By David Brooks
Europeans who settled America gave their lives a slingshot shape. They
pulled back so they could shoot forward. They volunteered to live in
harsh conditions today so their descendants could live well for
centuries. The pioneers who traveled West did the same thing. So has
each generation of immigrants — sacrificing the present for the sake of
the future.
This slingshot manner of life led to one of those true national clichés:
that America is the nation of futurity, that Americans organize their
lives around romantic visions of what is to be.
In 1775, Sam Adams confidently predicted that the scraggly little
colonies would one day be the world’s most powerful nation. In 1800,
Noah Webster projected that the U.S. would someday have 300 million
citizens, and that a country that big should have its own dictionary.

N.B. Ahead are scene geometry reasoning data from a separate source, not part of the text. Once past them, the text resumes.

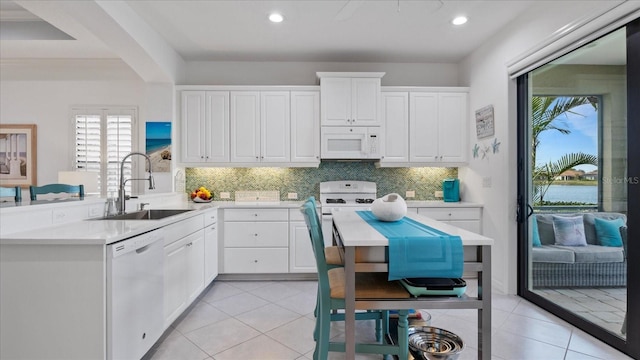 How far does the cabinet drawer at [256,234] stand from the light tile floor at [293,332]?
632 mm

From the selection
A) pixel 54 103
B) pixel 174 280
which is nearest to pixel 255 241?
pixel 174 280

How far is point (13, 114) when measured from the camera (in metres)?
4.50

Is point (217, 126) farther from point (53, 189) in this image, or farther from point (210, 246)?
point (53, 189)

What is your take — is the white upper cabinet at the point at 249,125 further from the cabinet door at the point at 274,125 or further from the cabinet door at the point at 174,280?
the cabinet door at the point at 174,280

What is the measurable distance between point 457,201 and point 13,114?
20.6ft

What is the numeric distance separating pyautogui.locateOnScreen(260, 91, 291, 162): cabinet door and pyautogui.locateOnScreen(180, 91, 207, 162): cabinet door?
29.6 inches

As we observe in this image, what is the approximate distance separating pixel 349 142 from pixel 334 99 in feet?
1.86

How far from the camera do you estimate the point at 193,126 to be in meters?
3.97

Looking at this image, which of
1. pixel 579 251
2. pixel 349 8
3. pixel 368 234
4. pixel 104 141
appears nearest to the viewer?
pixel 368 234

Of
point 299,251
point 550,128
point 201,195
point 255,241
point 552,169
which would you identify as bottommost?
point 299,251

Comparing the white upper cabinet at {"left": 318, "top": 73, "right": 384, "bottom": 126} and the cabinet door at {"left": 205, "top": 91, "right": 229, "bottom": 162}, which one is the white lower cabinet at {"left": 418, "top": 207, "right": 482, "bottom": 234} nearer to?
the white upper cabinet at {"left": 318, "top": 73, "right": 384, "bottom": 126}

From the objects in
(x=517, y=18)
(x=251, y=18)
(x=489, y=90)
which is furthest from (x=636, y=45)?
(x=251, y=18)

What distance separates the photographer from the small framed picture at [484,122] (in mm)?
3559

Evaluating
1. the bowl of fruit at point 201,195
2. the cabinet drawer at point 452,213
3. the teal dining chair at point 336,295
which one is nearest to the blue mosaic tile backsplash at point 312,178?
the bowl of fruit at point 201,195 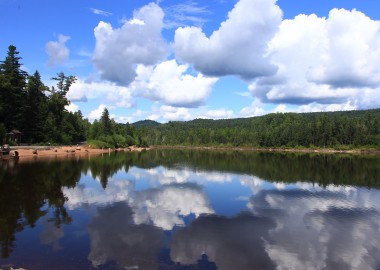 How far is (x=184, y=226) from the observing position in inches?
918

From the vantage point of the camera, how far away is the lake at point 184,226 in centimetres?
1719

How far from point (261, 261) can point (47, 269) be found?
33.9 feet

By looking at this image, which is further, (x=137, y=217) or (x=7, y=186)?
(x=7, y=186)

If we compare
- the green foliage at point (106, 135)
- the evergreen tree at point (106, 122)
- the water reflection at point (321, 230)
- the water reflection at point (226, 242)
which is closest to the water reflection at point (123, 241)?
the water reflection at point (226, 242)

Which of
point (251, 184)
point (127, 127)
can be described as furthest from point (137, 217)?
point (127, 127)

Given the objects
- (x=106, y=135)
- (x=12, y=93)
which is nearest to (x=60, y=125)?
(x=12, y=93)

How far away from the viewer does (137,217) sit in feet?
83.6

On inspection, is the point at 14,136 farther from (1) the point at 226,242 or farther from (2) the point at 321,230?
(2) the point at 321,230

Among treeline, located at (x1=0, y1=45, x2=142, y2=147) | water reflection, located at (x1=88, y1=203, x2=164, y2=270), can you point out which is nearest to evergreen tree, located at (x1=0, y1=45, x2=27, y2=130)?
treeline, located at (x1=0, y1=45, x2=142, y2=147)

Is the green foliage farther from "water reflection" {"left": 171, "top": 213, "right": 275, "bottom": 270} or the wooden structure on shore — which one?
"water reflection" {"left": 171, "top": 213, "right": 275, "bottom": 270}

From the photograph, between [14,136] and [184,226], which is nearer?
[184,226]

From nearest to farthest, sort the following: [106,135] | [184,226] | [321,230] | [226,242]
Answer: [226,242] < [184,226] < [321,230] < [106,135]

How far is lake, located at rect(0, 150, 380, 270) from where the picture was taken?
17.2m

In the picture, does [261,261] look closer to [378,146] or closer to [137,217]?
[137,217] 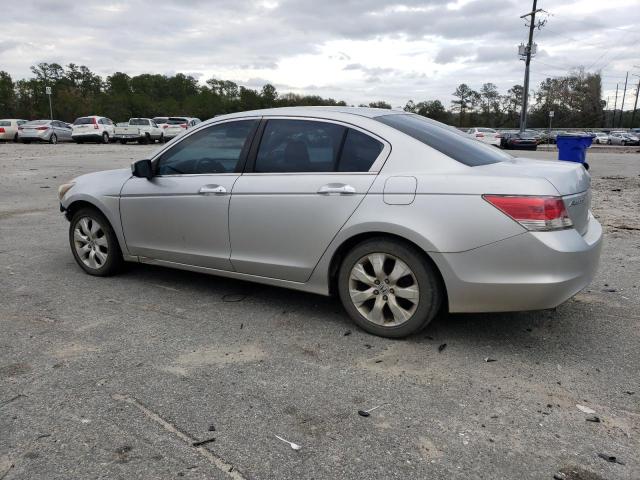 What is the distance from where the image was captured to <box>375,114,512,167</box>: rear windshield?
12.6 feet

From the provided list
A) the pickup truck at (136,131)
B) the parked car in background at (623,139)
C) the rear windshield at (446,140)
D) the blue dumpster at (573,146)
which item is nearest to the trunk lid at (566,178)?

In his novel, “Giants in the Earth,” Ole Rolvaag has a pioneering farmer
give a visitor a tour of his land. The farmer describes his beautiful
home and his large buildings. The visitor confesses that he can’t see
them. That’s because they haven’t been built yet, the farmer
acknowledges, but they already exist as reality in his mind.

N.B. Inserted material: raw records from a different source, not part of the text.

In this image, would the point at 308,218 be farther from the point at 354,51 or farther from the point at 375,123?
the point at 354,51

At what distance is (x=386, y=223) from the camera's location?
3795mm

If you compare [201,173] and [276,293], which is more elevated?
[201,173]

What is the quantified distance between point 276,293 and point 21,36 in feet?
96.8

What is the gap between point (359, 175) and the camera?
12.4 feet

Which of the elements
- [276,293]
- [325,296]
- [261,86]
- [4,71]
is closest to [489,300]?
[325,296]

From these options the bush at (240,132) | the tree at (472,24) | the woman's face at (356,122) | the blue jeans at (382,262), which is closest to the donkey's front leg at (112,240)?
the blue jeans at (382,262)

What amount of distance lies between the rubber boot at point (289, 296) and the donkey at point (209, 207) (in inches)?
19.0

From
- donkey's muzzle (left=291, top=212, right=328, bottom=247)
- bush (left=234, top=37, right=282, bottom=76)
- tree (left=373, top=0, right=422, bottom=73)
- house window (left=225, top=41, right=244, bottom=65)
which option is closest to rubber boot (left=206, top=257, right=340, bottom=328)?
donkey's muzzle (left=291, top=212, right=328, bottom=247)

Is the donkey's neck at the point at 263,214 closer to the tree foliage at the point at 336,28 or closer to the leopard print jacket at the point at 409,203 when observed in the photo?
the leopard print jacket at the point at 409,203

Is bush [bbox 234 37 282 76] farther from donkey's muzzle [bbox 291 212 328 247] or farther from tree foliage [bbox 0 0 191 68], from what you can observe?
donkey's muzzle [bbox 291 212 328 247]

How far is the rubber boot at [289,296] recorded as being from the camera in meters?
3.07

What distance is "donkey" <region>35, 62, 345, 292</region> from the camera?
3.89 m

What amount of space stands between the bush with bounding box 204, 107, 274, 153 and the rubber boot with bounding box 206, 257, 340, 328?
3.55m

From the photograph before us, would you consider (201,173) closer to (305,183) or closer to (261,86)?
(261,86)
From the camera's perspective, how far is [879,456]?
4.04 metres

This future-oriented mentality had practical effects. For decades,
government invested heavily in long-range projects like railroads and
canals.
Today, Americans have inverted this way of thinking. Instead of
sacrificing the present for the sake of the future, Americans now
sacrifice the future for the sake of the present.
Federal spending is the most obvious example. The federal government is a
machine that takes money from future earners and spends it on health
care for retirees. Entitlement spending hurts the young in two ways. It
squeezes government investment programs that boost future growth.

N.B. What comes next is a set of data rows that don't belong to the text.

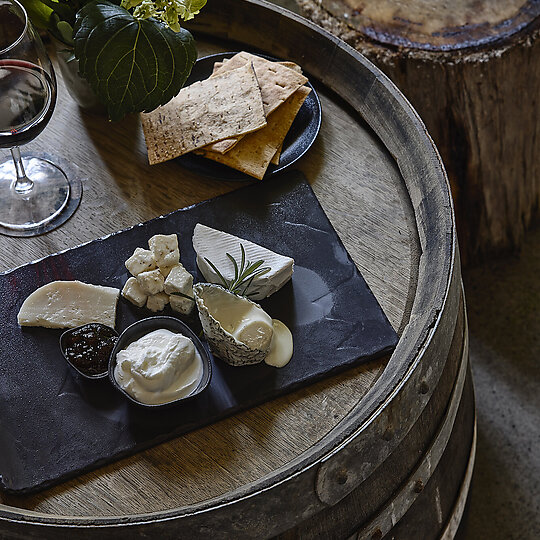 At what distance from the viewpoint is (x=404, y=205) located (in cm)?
125

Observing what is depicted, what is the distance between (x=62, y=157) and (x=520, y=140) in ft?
3.60

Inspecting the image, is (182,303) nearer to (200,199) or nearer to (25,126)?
(200,199)

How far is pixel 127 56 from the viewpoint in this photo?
1171mm

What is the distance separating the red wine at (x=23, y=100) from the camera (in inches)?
43.7

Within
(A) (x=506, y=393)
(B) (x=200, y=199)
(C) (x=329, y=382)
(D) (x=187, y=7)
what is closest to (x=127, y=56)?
(D) (x=187, y=7)

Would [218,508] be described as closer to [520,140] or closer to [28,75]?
[28,75]

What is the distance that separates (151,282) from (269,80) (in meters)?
0.46

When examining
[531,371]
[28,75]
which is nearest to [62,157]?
[28,75]

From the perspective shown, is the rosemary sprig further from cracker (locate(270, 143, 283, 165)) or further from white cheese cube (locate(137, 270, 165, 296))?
cracker (locate(270, 143, 283, 165))

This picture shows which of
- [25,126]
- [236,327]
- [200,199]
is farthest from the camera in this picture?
[200,199]

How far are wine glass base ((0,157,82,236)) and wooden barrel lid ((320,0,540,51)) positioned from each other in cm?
75

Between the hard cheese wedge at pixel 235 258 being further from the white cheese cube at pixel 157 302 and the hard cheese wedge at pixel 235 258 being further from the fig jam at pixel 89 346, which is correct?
the fig jam at pixel 89 346

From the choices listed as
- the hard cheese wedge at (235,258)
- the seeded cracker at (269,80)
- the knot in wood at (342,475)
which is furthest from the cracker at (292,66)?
the knot in wood at (342,475)

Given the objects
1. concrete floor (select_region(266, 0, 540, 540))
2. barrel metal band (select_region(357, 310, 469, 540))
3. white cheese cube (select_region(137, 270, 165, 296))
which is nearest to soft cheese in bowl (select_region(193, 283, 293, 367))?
white cheese cube (select_region(137, 270, 165, 296))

Second, the young will have to pay the money back. To cover current
obligations, according to the International Monetary Fund, young people
will have to pay 35 percent more taxes and receive 35 percent fewer
benefits.
But government is not the only place you can see signs of this
present-ism. Business has slipped into this pattern, too. C.E.O.’s serve
short stints and their main incentive is to make quarterly numbers, not
to build for the long term.
Banks can lend money in two ways. They can lend to fund investments or
they can lend to fund real estate purchases and other consumption. In
1982, banks were lending out 80 cents for investments for every $1 they
were lending for consumption. By 2011, they lent only 30 cents to fund
investments for every $1 of consumption.
As Robert D. Atkinson and Stephen J. Ezell note in their book
“Innovation Economics,” American firms are also lagging in their
commitment to research and development. Between 1999 and 2006, for
example, German firms increased research-and-development spending by 11
percent, Finnish firms by 28 percent and South Korean firms by 58
percent. During that same period, U.S. spending increased by a paltry 3
percent.
Increasingly, companies have to spend their money on retirees, not
future growth. Last week, for example, Ford announced that it was
spending $5 billion to shore up its pension program. That’s an amount
nearly equal to Ford’s investments in factories, equipment and
innovation.
Why have Americans lost their devotion to the future? Part of the answer
must be cultural. The Great Depression and World War II forced
Americans to live with 16 straight years of scarcity. In the years after
the war, people decided they’d had enough. There was what one historian
called a “renunciation of renunciation.” We’ve now had a few
generations raised with this consumption mind-set. There’s less of a
sense that life is a partnership among the dead, the living and the
unborn, with obligations to those to come.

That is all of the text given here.